Understanding Huntington's Disease

Huntington's disease, also known as Huntington's chorea, affects muscle coordination and leads to mental decline and behavioral symptoms. The disease is caused by a genetic defect on chromosome 4. This defect causes a part of DNA, called a CAG repeat, to occur many more times than it should. Normally, the CAG segment is repeated 10 to 35 times. But in Huntington's disease, it is repeated 36 to more than 120 times. The more repeats there are, the earlier the onset of symptoms tends to be. — Worthington Brougham: Quality Furniture & Design

Causes and Risk Factors

Most people with Huntington's disease have a parent with the disorder. If one parent has Huntington's disease, there is a 50% chance that the child will inherit the gene. Everyone who inherits the gene for Huntington's disease will eventually develop the disease. In very rare cases, Huntington’s disease can develop when no parent has the disorder. This is due to a new genetic mutation.

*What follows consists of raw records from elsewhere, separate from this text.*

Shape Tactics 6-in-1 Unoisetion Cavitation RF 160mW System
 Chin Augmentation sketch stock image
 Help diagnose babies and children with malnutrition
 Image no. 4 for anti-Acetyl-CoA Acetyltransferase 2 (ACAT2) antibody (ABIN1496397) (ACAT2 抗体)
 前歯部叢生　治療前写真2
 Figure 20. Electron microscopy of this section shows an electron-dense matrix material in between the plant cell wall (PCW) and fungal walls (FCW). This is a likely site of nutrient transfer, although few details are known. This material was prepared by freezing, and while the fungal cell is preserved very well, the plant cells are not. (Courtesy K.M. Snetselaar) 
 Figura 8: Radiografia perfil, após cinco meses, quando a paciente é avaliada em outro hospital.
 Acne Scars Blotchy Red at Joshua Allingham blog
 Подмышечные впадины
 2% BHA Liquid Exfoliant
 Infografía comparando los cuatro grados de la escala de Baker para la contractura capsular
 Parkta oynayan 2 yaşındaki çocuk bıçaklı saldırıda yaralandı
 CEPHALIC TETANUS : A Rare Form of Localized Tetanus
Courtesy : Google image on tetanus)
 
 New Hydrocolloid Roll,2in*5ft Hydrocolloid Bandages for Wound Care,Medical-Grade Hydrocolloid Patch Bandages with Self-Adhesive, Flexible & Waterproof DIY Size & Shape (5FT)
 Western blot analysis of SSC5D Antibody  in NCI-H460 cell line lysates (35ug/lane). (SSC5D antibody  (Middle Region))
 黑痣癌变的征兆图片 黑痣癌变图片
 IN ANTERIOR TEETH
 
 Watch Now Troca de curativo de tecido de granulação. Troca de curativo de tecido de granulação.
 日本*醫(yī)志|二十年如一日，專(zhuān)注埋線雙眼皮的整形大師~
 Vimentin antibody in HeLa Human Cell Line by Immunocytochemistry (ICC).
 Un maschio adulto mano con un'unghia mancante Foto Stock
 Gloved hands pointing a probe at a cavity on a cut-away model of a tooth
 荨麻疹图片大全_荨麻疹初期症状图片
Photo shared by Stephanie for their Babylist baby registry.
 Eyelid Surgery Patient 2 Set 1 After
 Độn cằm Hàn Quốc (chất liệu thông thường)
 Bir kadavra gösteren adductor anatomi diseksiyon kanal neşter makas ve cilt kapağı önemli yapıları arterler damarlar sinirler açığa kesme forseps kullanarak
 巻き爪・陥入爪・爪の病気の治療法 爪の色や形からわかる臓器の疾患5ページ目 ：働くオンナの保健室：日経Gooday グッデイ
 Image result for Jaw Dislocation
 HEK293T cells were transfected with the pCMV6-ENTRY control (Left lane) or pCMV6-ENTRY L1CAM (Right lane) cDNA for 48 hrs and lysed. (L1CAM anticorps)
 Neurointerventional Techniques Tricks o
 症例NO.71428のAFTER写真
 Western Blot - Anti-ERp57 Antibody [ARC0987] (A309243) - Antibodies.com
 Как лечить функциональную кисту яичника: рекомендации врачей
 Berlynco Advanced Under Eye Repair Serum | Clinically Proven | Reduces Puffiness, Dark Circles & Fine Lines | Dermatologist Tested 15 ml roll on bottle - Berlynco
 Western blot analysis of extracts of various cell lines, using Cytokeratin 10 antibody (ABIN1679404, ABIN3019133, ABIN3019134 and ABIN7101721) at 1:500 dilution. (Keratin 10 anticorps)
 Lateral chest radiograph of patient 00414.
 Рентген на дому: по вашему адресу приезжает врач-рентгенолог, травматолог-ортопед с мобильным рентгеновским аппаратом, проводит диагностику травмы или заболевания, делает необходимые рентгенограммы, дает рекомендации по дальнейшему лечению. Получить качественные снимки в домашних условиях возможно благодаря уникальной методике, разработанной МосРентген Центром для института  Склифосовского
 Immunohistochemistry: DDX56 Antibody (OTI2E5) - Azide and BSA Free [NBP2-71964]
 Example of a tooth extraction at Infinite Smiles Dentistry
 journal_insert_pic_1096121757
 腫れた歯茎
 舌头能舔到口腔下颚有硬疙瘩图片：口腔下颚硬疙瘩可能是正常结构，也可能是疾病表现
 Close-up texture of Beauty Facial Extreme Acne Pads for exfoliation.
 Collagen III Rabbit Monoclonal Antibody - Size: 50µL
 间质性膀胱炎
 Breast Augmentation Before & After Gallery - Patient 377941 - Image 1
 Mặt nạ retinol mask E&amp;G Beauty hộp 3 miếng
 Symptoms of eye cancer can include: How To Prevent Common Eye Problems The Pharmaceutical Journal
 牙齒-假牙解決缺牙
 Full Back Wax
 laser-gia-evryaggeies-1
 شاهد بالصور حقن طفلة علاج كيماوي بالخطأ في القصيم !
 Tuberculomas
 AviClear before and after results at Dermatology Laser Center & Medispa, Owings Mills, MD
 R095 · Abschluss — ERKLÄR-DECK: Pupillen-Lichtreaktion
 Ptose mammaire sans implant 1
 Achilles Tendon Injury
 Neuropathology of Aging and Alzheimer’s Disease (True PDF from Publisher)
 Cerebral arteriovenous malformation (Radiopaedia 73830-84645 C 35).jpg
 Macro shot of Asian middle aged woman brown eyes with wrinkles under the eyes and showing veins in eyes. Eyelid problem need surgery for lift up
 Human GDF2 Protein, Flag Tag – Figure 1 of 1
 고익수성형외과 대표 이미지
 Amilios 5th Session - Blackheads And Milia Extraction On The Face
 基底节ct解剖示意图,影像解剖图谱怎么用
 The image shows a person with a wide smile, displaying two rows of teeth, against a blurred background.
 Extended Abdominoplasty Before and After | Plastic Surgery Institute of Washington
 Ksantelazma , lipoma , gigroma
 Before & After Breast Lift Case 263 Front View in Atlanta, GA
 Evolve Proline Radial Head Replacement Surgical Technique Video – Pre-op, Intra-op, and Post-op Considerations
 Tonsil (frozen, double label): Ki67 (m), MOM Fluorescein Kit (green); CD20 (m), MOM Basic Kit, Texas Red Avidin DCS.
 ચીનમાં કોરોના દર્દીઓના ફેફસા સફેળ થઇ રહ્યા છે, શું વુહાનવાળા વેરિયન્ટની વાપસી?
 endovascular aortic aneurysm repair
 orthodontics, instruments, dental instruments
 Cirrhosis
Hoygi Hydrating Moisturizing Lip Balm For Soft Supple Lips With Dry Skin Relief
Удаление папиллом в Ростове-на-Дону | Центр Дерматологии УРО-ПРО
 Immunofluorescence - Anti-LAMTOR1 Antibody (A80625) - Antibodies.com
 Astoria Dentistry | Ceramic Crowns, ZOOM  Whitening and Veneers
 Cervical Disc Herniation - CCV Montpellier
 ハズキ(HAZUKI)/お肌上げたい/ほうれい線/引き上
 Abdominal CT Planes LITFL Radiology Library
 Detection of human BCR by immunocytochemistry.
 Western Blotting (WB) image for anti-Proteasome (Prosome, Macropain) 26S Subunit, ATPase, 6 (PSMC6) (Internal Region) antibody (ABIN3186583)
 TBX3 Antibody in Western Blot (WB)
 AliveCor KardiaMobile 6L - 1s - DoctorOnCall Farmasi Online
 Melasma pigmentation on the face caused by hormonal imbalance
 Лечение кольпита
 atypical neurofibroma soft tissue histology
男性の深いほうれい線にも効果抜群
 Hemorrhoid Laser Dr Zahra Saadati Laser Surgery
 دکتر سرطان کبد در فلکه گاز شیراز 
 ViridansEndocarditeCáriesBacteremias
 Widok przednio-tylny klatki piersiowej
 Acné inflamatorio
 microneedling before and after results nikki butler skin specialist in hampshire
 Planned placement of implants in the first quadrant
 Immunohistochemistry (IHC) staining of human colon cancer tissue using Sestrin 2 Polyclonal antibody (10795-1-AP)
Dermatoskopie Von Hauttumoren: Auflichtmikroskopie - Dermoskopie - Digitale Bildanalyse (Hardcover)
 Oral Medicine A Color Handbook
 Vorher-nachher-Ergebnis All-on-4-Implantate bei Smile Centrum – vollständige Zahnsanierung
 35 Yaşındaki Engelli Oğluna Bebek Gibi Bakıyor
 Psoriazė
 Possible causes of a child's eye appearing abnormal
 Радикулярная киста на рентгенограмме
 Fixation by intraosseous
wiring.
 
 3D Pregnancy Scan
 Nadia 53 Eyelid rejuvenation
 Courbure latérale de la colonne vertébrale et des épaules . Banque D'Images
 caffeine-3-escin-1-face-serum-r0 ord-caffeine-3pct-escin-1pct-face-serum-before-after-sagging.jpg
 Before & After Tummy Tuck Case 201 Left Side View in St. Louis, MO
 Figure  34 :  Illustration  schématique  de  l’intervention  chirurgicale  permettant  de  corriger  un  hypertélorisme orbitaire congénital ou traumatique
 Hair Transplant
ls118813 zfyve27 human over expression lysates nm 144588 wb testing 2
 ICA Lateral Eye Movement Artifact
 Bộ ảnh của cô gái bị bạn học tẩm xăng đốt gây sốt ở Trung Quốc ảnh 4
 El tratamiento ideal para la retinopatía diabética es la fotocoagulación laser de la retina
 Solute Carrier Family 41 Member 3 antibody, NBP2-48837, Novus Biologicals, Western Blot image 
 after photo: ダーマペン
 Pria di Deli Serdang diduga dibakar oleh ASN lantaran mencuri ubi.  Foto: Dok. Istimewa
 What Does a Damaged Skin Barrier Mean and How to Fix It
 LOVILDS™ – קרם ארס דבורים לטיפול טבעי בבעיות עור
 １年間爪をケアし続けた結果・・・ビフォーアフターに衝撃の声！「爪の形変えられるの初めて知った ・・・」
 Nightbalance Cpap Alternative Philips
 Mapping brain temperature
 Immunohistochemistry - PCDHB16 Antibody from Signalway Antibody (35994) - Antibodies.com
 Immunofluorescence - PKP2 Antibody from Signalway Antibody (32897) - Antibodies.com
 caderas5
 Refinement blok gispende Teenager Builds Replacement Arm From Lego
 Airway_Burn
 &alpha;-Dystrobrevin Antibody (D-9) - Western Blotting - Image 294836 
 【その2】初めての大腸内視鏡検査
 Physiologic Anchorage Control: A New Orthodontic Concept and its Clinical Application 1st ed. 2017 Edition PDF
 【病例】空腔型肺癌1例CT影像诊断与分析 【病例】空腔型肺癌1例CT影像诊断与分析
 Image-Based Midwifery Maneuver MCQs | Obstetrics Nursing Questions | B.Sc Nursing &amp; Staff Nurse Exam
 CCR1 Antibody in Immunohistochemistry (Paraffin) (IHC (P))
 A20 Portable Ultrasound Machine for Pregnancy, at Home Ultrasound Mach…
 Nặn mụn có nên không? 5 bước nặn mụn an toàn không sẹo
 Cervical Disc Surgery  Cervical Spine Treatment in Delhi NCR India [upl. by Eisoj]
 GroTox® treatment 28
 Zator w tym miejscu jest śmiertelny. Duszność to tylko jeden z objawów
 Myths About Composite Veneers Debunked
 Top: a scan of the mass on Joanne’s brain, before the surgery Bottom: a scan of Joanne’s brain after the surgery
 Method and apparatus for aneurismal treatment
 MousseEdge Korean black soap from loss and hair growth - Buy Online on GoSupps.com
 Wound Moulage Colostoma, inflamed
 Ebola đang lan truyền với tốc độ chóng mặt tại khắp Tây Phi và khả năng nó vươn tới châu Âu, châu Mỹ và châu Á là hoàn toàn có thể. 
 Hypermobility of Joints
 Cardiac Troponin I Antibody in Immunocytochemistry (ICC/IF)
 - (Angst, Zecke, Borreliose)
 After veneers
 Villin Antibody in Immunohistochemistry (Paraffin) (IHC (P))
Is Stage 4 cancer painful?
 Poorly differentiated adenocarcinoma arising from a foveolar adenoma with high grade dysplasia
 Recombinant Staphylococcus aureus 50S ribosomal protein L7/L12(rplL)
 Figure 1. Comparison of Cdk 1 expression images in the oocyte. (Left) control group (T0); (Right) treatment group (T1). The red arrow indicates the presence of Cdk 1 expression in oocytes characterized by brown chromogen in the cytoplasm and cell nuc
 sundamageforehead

Symptoms of Huntington's Disease

Symptoms of Huntington's disease can vary greatly from person to person. Some of the most common include: — Chargers Vs Giants: Expert Prediction & Preview

  • Movement Disorders:
    • Involuntary jerking or writhing movements (chorea)
    • Muscle rigidity or contracture (dystonia)
    • Slow or abnormal eye movements
    • Impaired gait, posture, and balance
    • Difficulty with speech and swallowing
  • Cognitive Disorders:
    • Difficulty organizing, prioritizing, and focusing on tasks
    • Lack of impulse control
    • Lack of awareness of one's own behaviors and abilities
    • Slowness in processing thoughts
    • Difficulty learning new information
  • Psychiatric Disorders:
    • Depression
    • Obsessive-compulsive disorder
    • Bipolar disorder
    • Insomnia

Diagnosis and Treatment

A diagnosis of Huntington's disease is typically based on a neurological examination, a review of the person's medical and family history, and genetic testing. Imaging tests, such as MRI and CT scans, may also be used to evaluate changes in the brain. — Jay Shetty & Emma Watson: Deep Conversation Podcast

While there is no cure for Huntington's disease, treatments are available to help manage the symptoms. These may include medications to control movement disorders and psychiatric symptoms, as well as physical, occupational, and speech therapy to help maintain function and independence. Support groups and counseling can also be helpful for people with Huntington's disease and their families.

Living with Huntington's Disease

Living with Huntington's disease can be challenging, but with appropriate medical care and support, people with the disease can maintain their quality of life. If you or a loved one has been diagnosed with Huntington's disease, it is important to seek out resources and support to help manage the physical, emotional, and practical challenges of the disease. Regular exercise, a healthy diet, and social support can all help people with Huntington's disease live as fully as possible.